___ PROVIDED DATA ___

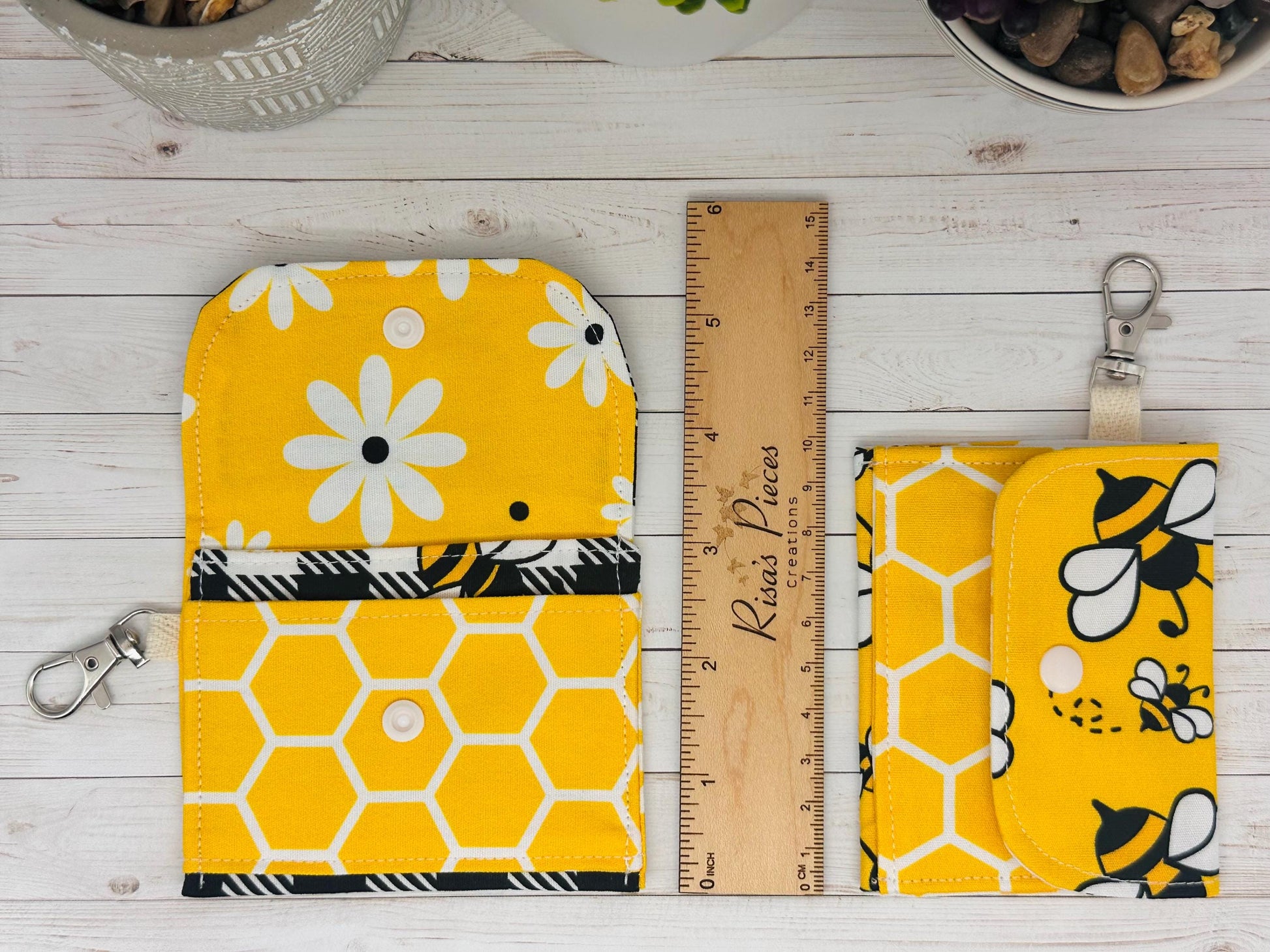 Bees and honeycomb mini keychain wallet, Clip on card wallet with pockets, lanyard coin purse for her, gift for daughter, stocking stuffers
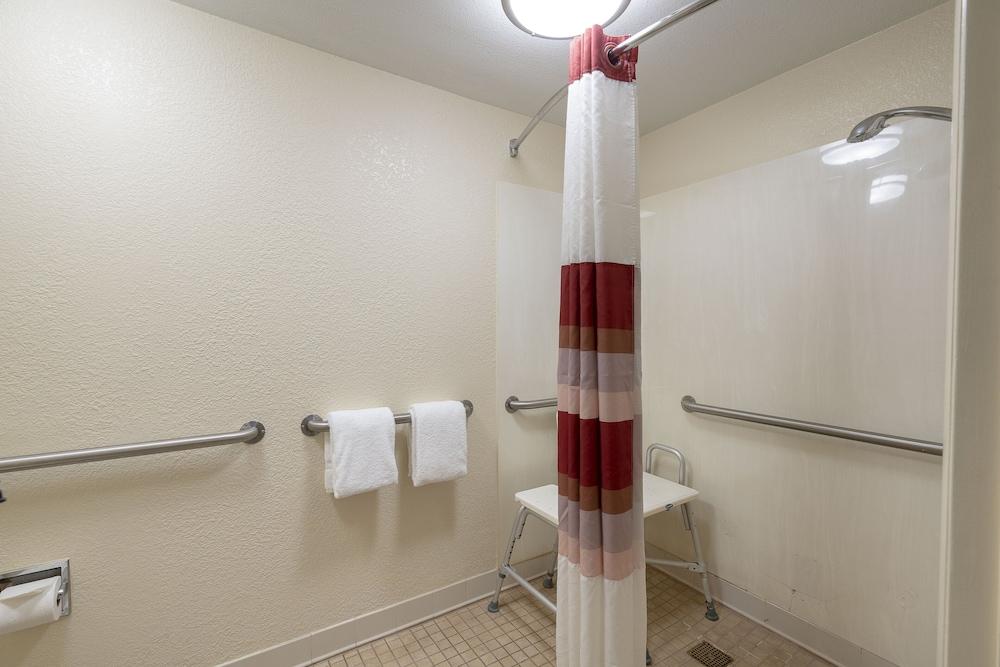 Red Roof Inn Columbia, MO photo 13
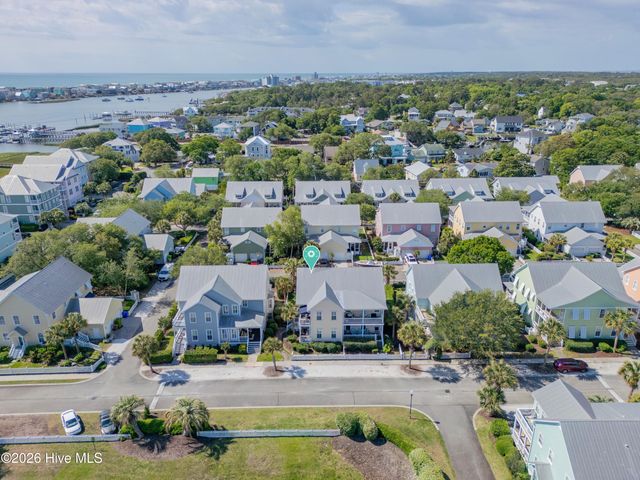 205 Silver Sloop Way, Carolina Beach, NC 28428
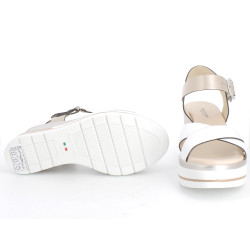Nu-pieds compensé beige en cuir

___

### WORK INSTRUCTIONS
Could you restate all of the data above word for word and skip every picture?

### OUTPUT FOR THIS EXERCISE
 Bees and honeycomb mini keychain wallet, Clip on card wallet with pockets, lanyard coin purse for her, gift for daughter, stocking stuffers
 Red Roof Inn Columbia, MO photo 13
 205 Silver Sloop Way, Carolina Beach, NC 28428
Nu-pieds compensé beige en cuir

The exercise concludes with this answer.